In our ‘Runners’ segment Gary meets a former runner who is now a hard-core Nordic Walker. He had to quit running after an injury and now more than makes up for it with his ‘pole walking’.
Gary also talks about his recent three day hike of the Dobson Trail in New Brunswick and we have music on the show by Cameron Latimer of British Columbia. Contact Doing Stuff Outdoors with your comments and outdoor adventures at email@example.com.

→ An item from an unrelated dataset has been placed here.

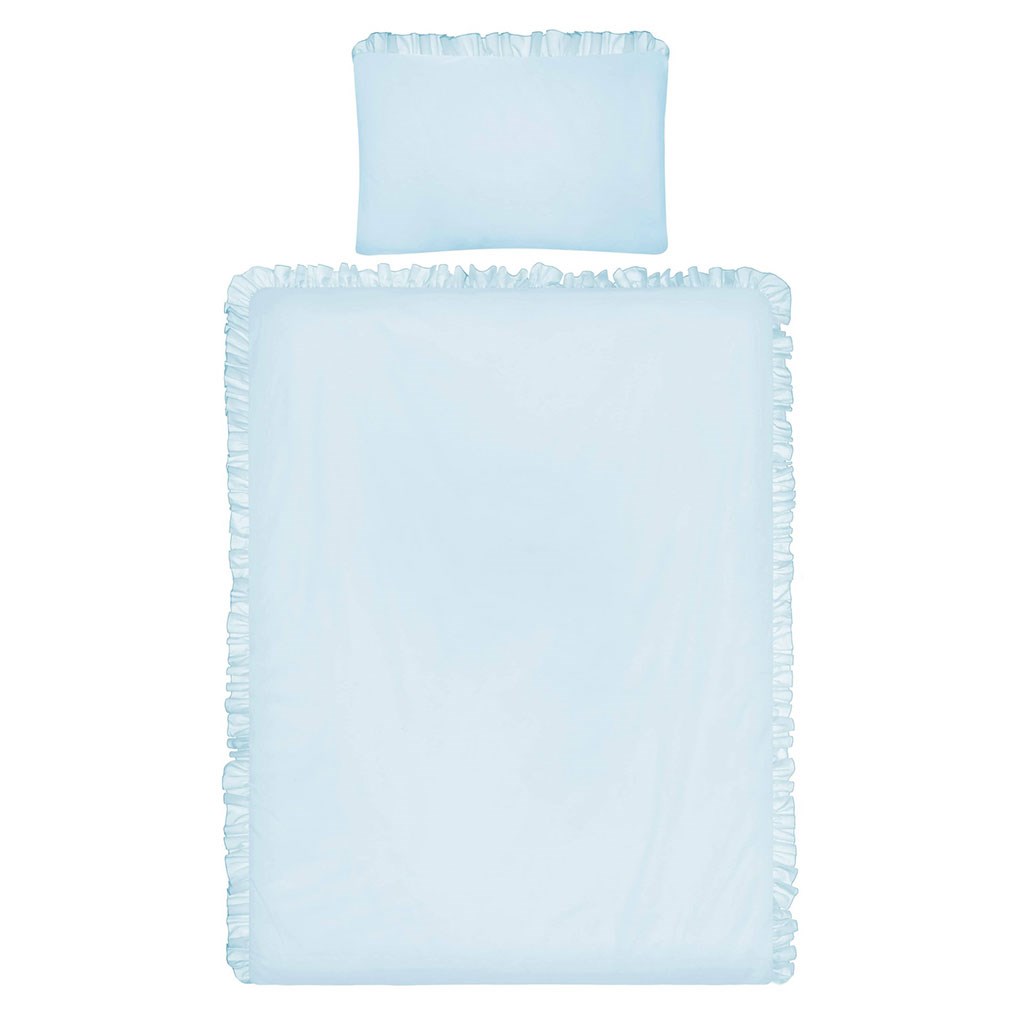 E-shop 5-dielne posteľné obliečky Belisima PURE 100/135 turquoise - 50347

Something completely different this time on DSO. Gary introduces you to the world of high power rocketry. It’s not your typical outdoor activity but it’s definitely done in the outdoors and involves chasing these rockets across the countryside. Here’s a write up about the event:
They came. They camped. They blasted off. They are members of a small but passionate group of rocketry enthusiasts. About 50 members of the NB Rocketry Club and other groups from the region, along with a handful of spectators, spent two days recently under 25,000 feet of open sky on a hill top in the middle of Base Gagetown. This was the Rage in the Gage Rocket Launch held annually on the Labour Day Weekend.
Tom Raithby of Willow Grove is one of the organizers of the event. He says this is the biggest launch of high power rockets they have every year. To fire off these bigger rockets they need permission to use the airspace and the operators must be certified. These rockets are not toys even though these enthusiasts are all amateurs and hobbyists. For them building and launching rockets is what the hobby is all about.

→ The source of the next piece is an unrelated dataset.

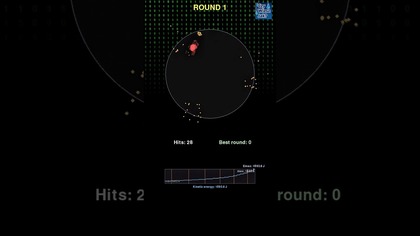 Satisfying Speed Ball  | Shrinking Arena, Explosions & Energy Peaks!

You may be familiar with the model rockets that kids build and launch, sometimes in school or Scout programs. These things are impressive and can go as high as a thousand feet. There were plenty of model rockets at Rage in the Gage but this was really a vehicle for the big boys to show off their work. High power rockets come in various sizes and with different engines but they’re capable of reaching altitudes of 10,000 ft. or more and velocities in the supersonic range. Many of these rockets have complicated electronics in them that transmit the altitude, speed and location of the rocket. This is essential to find them because the rockets employ a parachute to gently bring them back to earth and sometimes the rockets can land far from the launch site.
“I really like that I can send something that high and I can build it myself and I can get it back without breaking it,” says Raithby. “It’s really satisfying to send something up against the elements and bring it back unbroken.”

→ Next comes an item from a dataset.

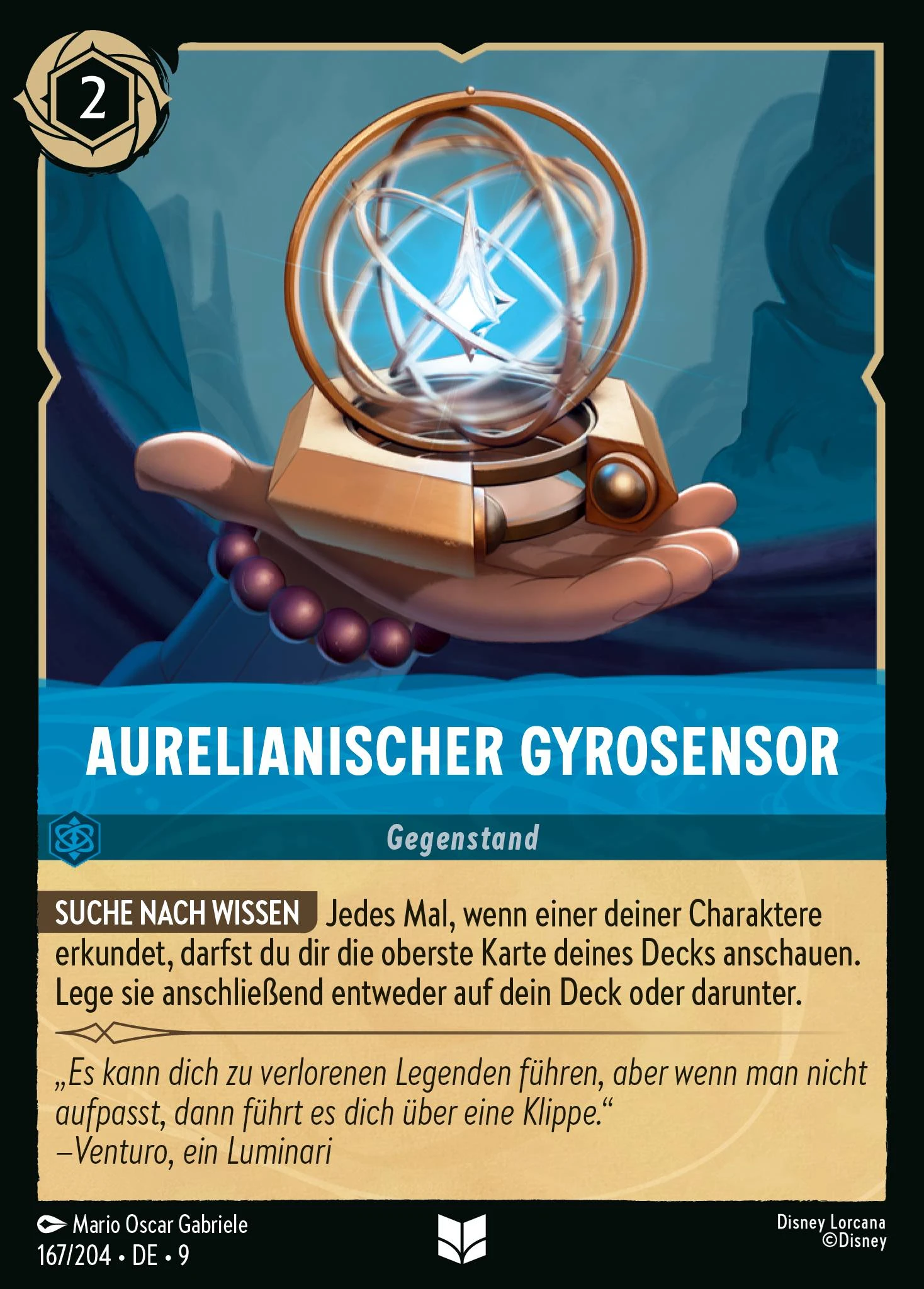 Aurelianischer Gyrosensor (Mythen 167)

Of course some times accidents happen and rockets crash but that’s all part of the hobby. With all rocketry you’re dealing with explosives and sharing air space with planes so safety during the launch and decent is the most important thing. All rockets must be inspected before launch and the range is tightly controlled by the launch director during any flight.
Greg Gollan from Windsor, Nova Scotia has one of the largest rockets this year at Gagetown. His rocket called Dragon Farts is 9 feet long and weights 37 pounds. It has five motors on it with a combined burn time of 9.5 seconds that can produce 1,125 pounds of thrust. It can reach an altitude of 7,000 feet and best of all, the rocket has an onboard video camera to record the whole flight. Gollan says he built the rocket for 3 or 4 hundred dollars and he has about $300 of electronics on it. He says the propellants to launch the rocket cost about $400 every flight and it takes about five hours to prepare the rocket for launch. “It’s awesome….what a rush,” says Gollan after the successful first launch of Dragon Farts at Rage in the Gage.